Daily Israel Report

Evicted Jews Sleep in the Streets, Wait for Answers

Jews forced out of their home in Hevron sleep in tents just meters away and wait for IDF officials to explain themselves.
By Maayana Miskin
First Publish: 4/8/2012, 11:22 PM

Beit Hamachpela
Beit Hamachpela
Flash 90

Jews forced out of the Machpelah House in Hevron last week spent Passover in tents just meters away. In the meantime, the building sits empty.

Defense Minister Ehud Barak, with support from Prime Minister Binyamin Netanyahu, insisted on going ahead with last week’s eviction ahead of Passover, arguing that Jewish presence in the building was an operational threat that must be rectified immediately. The IDF, he said, could verify that Jews had a legal right to the home after forcing them to leave it.

The eviction caused discord in the government, with senior figures including Finance Minister Yuval Steinitz and Strategic Affairs Minister Moshe Ya'alon openly criticizing the decision.

Shlomo Levinger is one of the many Machpelah House residents who has been living in a tent in the street along with his young children since the expulsion. “We had pain in our hearts during the holiday,” he told Arutz Sheva. “But also great joy, and faith that we will return to the building next door.”

Twelve days have passed since Hevron’s Jewish community gave the IDF Civil Administration documents relating to the sale of the Machpelah House. “They still haven’t told us what the problem is,” Levinger related. “Apparently there is no problem.”

Civil Administration officials speaking off the record have told Jewish leaders in Hevron that the sale was legal, he said.

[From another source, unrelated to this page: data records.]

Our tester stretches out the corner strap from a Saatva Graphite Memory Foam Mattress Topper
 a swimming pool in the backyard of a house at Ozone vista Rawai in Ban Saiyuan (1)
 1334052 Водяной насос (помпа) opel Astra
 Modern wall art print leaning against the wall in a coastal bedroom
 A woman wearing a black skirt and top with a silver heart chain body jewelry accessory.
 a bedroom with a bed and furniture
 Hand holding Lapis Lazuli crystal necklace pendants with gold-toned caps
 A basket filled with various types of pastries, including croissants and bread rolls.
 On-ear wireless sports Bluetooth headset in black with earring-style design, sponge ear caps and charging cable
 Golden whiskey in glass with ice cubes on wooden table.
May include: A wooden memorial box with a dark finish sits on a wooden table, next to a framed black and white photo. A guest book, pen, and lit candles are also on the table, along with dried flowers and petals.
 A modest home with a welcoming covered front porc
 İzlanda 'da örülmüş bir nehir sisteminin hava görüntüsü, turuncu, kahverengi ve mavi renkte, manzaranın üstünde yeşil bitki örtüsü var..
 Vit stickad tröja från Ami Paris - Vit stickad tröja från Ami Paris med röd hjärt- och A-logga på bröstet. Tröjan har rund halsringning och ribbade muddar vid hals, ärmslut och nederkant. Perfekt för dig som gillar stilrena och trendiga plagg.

Passover has brought a measure of comfort as Jews visit the city and reach out to help. “Since this morning we’ve already had hundreds of people… they sympathize with us and want to assist us,” he said. There are donation boxes around the city raising funds for the purchase of more buildings for the community, Levinger noted, adding that the purchase of the Machpelah House was made possible by many contributions pooled together.

He encouraged visitors to continue to come to the Jewish quarter of the ancient city.